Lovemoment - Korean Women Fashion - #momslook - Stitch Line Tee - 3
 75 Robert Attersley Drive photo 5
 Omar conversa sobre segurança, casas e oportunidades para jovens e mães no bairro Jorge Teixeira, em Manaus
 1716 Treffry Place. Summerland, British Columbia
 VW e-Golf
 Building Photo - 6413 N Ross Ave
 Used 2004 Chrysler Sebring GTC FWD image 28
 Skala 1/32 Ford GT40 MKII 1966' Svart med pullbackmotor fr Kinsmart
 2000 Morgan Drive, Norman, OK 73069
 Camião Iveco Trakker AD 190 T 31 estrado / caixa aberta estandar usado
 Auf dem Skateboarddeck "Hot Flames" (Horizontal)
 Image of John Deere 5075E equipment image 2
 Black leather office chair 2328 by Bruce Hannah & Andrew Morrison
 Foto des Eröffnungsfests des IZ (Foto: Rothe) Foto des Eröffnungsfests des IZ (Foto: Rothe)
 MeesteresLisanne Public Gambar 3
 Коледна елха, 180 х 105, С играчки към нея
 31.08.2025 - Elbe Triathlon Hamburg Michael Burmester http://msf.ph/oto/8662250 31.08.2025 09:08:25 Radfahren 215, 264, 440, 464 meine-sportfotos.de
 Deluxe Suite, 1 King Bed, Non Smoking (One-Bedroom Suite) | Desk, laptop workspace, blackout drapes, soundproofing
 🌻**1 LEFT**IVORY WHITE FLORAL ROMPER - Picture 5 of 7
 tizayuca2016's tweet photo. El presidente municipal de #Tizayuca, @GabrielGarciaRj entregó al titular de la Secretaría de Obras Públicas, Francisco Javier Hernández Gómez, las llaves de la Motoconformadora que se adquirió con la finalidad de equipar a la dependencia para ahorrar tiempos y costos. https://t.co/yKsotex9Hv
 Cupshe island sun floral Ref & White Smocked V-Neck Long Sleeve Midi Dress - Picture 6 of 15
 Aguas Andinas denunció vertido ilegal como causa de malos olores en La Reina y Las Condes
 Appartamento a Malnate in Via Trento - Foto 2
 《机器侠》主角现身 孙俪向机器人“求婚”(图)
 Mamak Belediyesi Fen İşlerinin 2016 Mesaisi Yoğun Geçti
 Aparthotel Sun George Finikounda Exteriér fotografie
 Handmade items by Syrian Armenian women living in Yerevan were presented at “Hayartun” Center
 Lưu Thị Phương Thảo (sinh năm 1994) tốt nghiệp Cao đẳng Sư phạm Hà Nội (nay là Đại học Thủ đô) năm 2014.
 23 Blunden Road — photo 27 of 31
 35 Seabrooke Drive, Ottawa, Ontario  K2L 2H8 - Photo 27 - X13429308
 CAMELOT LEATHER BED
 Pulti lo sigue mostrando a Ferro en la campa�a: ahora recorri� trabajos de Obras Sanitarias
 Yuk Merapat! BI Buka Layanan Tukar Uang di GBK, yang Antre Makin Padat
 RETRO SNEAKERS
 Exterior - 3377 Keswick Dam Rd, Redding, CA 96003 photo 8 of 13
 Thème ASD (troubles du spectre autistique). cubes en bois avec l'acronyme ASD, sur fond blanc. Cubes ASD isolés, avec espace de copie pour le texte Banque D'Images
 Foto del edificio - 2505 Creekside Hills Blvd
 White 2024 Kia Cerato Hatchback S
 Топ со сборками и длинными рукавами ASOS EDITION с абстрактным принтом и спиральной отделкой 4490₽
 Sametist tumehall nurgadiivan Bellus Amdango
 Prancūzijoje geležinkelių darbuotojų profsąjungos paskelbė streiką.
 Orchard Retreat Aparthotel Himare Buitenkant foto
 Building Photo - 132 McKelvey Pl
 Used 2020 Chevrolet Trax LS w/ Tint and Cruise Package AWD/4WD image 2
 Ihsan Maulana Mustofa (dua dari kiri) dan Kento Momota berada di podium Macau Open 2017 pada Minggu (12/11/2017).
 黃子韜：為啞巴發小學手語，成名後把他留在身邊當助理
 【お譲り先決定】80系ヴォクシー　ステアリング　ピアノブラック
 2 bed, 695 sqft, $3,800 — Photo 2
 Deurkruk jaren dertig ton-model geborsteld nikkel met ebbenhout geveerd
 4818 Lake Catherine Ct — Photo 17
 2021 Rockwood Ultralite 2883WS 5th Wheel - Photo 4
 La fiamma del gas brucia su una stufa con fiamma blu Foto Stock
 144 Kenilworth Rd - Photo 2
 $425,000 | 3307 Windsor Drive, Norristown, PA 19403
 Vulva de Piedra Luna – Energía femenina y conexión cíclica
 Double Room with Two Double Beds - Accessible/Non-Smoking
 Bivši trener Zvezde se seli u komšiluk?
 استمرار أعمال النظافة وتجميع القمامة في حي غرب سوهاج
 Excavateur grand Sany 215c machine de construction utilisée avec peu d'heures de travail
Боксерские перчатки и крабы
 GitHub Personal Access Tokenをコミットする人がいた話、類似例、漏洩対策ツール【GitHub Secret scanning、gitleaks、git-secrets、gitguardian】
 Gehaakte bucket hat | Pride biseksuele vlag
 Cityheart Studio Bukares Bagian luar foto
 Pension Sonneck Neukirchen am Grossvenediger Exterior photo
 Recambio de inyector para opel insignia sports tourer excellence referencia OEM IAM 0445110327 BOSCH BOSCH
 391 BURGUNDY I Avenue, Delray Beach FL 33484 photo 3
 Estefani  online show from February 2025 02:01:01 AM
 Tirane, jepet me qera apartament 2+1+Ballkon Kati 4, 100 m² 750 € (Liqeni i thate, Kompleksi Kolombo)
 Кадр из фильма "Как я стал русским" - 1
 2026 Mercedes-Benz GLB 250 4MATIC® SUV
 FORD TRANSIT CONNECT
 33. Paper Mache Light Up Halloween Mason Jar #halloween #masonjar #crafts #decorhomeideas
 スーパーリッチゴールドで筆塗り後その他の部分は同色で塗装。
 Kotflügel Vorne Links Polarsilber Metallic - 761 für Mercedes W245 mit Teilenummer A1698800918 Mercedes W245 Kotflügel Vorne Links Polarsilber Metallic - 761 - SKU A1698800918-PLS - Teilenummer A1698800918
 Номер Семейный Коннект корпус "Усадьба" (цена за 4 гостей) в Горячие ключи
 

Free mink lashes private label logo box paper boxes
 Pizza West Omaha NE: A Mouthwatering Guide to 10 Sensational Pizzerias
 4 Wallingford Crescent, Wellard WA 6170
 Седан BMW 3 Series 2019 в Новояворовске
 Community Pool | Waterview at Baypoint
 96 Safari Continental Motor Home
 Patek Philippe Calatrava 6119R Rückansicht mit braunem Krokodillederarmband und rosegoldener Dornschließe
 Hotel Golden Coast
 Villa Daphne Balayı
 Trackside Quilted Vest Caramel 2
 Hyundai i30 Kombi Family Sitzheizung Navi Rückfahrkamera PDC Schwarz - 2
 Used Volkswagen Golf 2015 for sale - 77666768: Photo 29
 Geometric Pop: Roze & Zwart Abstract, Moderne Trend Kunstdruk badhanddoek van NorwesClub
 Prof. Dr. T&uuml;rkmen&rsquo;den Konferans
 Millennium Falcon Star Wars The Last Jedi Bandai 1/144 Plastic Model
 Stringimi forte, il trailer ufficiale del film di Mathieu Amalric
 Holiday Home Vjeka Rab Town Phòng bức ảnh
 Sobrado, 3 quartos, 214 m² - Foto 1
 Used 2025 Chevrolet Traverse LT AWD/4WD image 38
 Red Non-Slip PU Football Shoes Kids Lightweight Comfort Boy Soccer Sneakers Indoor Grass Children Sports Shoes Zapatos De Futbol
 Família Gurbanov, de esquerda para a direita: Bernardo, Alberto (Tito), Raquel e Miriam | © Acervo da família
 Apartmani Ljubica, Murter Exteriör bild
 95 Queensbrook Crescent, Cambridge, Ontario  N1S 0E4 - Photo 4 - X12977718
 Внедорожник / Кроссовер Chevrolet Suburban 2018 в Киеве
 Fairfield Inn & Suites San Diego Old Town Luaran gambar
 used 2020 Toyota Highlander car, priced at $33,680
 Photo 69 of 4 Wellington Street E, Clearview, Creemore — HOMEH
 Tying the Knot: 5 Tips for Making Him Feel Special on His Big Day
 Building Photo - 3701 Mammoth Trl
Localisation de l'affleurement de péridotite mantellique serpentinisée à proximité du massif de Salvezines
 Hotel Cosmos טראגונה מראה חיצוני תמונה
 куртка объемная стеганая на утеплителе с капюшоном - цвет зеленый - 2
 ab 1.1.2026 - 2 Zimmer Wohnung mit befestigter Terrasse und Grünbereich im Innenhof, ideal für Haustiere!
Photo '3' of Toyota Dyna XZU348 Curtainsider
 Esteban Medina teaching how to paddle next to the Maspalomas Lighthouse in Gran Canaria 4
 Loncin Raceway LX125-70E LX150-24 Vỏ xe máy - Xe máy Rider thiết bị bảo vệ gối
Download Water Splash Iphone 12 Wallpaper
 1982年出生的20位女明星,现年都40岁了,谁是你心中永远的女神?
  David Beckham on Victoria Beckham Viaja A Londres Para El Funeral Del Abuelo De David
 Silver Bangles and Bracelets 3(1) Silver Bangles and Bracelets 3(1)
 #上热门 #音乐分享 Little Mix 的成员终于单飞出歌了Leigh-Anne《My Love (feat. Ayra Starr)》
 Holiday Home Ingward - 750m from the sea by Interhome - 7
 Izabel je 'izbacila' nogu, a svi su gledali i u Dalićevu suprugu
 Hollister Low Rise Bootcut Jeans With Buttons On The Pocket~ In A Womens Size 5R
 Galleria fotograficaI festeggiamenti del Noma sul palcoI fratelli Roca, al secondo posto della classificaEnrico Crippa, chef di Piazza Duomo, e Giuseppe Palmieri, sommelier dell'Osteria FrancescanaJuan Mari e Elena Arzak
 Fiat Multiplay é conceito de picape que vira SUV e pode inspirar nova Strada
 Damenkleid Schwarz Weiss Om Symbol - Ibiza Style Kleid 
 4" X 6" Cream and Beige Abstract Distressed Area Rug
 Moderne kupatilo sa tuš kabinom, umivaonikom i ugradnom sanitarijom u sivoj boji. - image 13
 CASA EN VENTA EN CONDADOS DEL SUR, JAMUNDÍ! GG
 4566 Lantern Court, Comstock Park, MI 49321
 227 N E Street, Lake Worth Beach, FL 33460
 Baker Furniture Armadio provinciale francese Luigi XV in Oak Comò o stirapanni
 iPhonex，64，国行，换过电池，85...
■ ■ ■ ■ ■ ■ ■
§ WORK TO BE COMPLETED: Everything from the line containing "Distressed Area Rug" through the final line of the records is what you should print, exactly and with nothing added.

§ TASK OUTPUT:
 4" X 6" Cream and Beige Abstract Distressed Area Rug
 Moderne kupatilo sa tuš kabinom, umivaonikom i ugradnom sanitarijom u sivoj boji. - image 13
 CASA EN VENTA EN CONDADOS DEL SUR, JAMUNDÍ! GG
 4566 Lantern Court, Comstock Park, MI 49321
 227 N E Street, Lake Worth Beach, FL 33460
 Baker Furniture Armadio provinciale francese Luigi XV in Oak Comò o stirapanni
 iPhonex，64，国行，换过电池，85...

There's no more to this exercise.